The fine CSSF issued in September was not Fuchs’ first. In September 2022, CSSF said it had imposed two fines totalling €1.55 million due to internal governance and compliance failures. People familiar with the case have told Investment Officer that CSSF at the time pushed Fuchs to split into a good and a bad part of the company, an approach resembling the liquidation of troubled banks subject to EU regulation. The good part was subsequently sold, and the bad part was left to go bankrupt.
Fine came few days before Trustmoore deal
CSSF imposed the additional fine of €785,000 on 21 September, only a few days before Trustmoore announced its partnership with Fuchs Asset Management.
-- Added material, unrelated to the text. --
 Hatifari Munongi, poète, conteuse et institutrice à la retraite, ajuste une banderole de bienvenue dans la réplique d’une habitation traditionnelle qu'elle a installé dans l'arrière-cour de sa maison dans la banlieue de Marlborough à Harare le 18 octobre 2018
Fuchs & Associés “had not attempted to clear its doubts,” said CSSF, which also “identified a lack of information and a non-corroboration of information on the source of funds.”
Fuchs & Associés was created as a Luxembourg investment firm by Jean Fuchs in 2000. A 68-year-old French native and avid hunter who barely speaks to the press, Jean Fuchs prided himself as a staunch opponent of regulation in the financial sector. «The banking world is full of cheats,” he said in a 2016 interview with Luxembourg business website Paperjam. “The sector is over-regulated. It is not only excessive but also unnecessary,» he added. «You don’t take away the risk factor, but you instil in people’s heads that the banking world is full of cheats.»
Founder served as CSSF director for a decade
Between 2000 and 2010 Jean Fuchs served as a member of the board of directors at CSSF, according to the supervisor’s annual reports. Although he no longer served in this role from 2011, his firm’s website continued to describe him as still being active in that capacity until 2022. The current official status of Fuchs & Associés is that it is still in liquidation. Its most recent filing to the Luxembourg Business Register dates from the end of October and shows that a second administrator was appointed on 5 October.